To, w jaki sposób poszczególne państwa zaprogramowały swoje komputerowe wylęgarnie broni, stanowiło ich tajemnicę, ale po Japończykach, znanych z tego, że są z cicha pęk, a w samej rzeczy nadzwyczaj zmyślni, spodziewałem się srogich niespodzianek. Profesor Hakagawą, członek naszego zespołu w bazie, też pewno nie wiedział, w co rozwinęły się prapoczwarki japońskich broni, ale lojalnie przestrzegł mnie, abym się miał na baczności i nie dał się łatwo zwieść żadnych pozorom. Nie wiedząc jak trzeba odróżniać pozory od faktów, kłusowałem terenem monotonnym i płaskim. Tylko na samym widnokręgu wznosił się płytki wał ogromnego krateru, Wivitch, Hakagawą i cała reszta okazywała wielkie zadowolenie, bo telewizyjny obraz przekazywany trojańskim satelitom a z nich na Ziemię był ponoć ostry jak brzytwa. Po godzinie drogi spostrzegłem wśród leżących w bezładzie, zasypanych piaskiem mniejszych i większych kamieni jakieś niskie odrostki, które zwracały się w moją stronę. Wyglądały jak nać ziemniaczana, kiedy zwiędnie.
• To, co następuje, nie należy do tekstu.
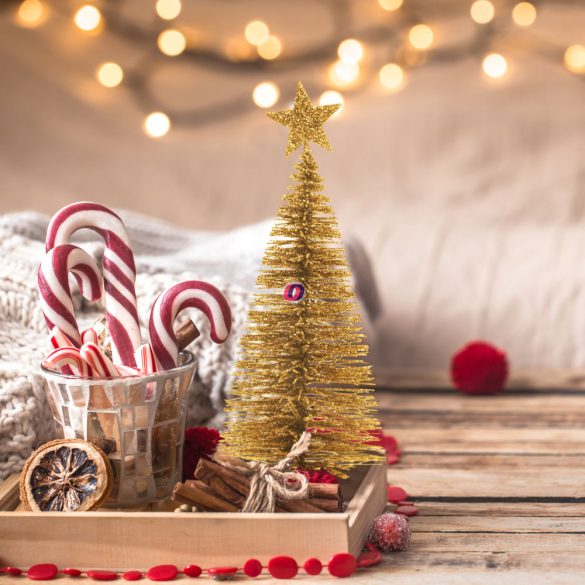 Mini dekor műfenyő glitteres 18 cm 4 szín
Spytałem, czy mogę wziąć się do tej naci, ale nikt nie chciał zastąpić mnie w decyzji, a kiedy nalegałem, jedni uznali, że powinienem koniecznie, a drudzy, że lepiej tego nie robić. Pochyliłem więc mój tułów centaura nad nieco większą kępą tych zarośli i spróbowałem oderwać jedną giętką łodyżkę. Nic się nie stało, wiec trzymając ją w garści, przybliżyłem do oczu. Poczęła się wić jak żmijka i mocno oplotła mi nadgarstek, ale robiąc różne próby przekonałem się, że gdy ją lekko gładzić, a właściwie łechtać palcem, popuszcza chwyt. Dość głupio było właściwie odezwać się do naci ziemniaczanej, choć wiedziałem, że nie ma z kartoflami nic wspólnego, ale spróbowałem.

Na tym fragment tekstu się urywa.